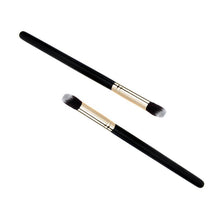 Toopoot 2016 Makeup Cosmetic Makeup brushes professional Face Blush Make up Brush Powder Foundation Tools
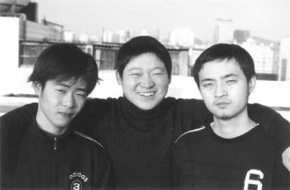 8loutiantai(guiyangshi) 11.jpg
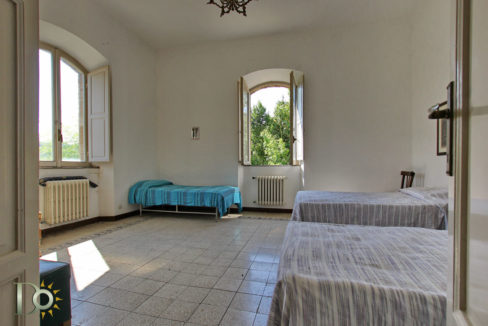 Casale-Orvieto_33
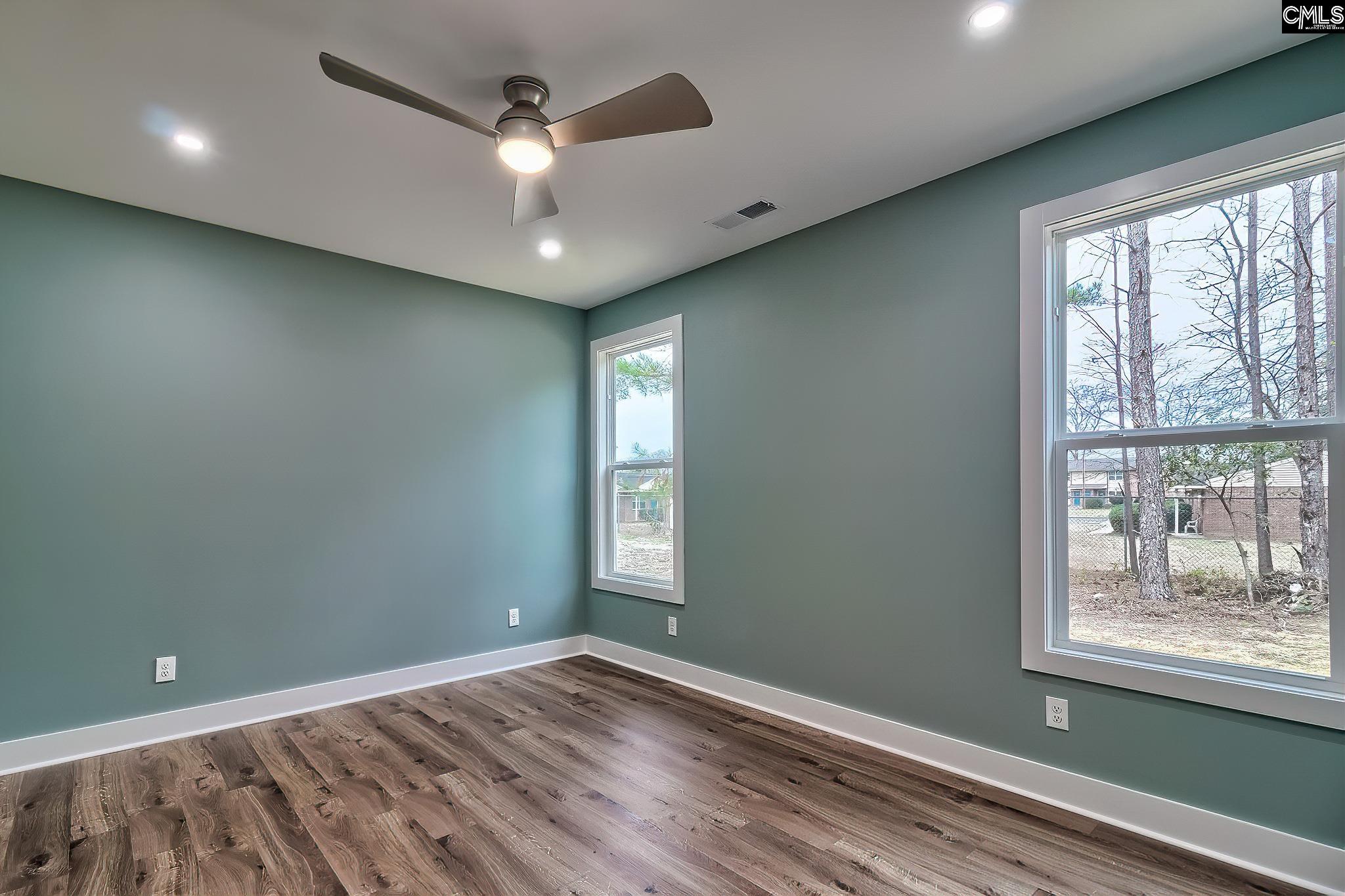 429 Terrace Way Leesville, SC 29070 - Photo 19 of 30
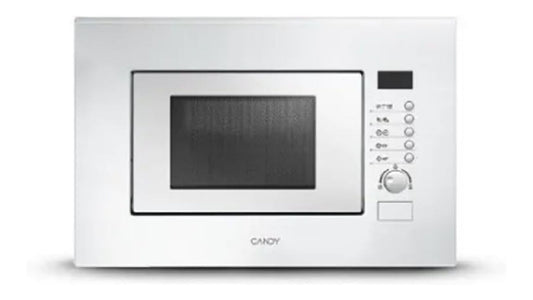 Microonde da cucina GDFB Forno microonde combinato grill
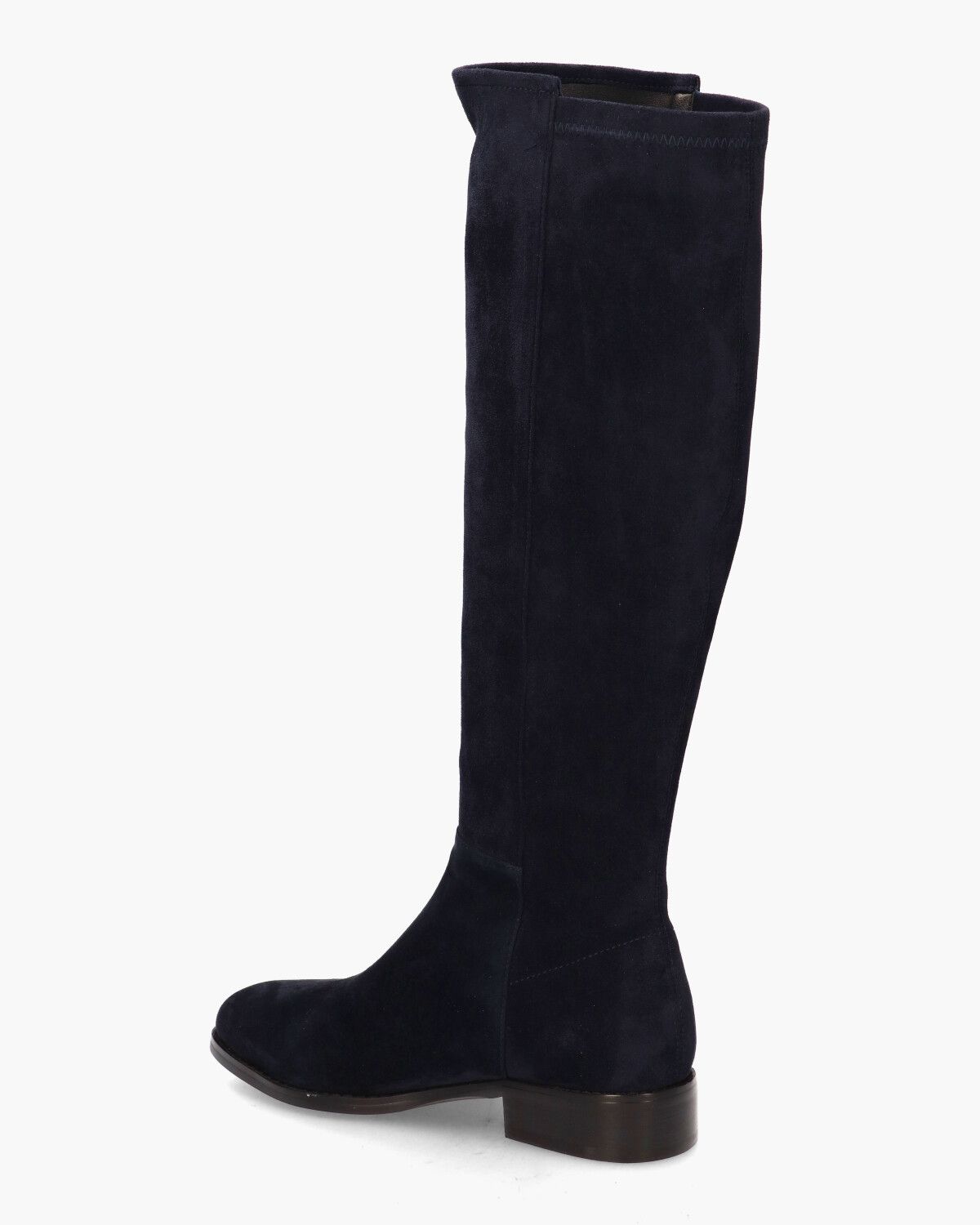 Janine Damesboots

### WHAT NEEDS TO BE DONE
Please give again, word for word, the lines from the one containing "429 Terrace Way" through the last line of the listing above, inclusive, and leave out pictures.

### ANSWER FOR THE TASK
 429 Terrace Way Leesville, SC 29070 - Photo 19 of 30
 Microonde da cucina GDFB Forno microonde combinato grill
 Janine Damesboots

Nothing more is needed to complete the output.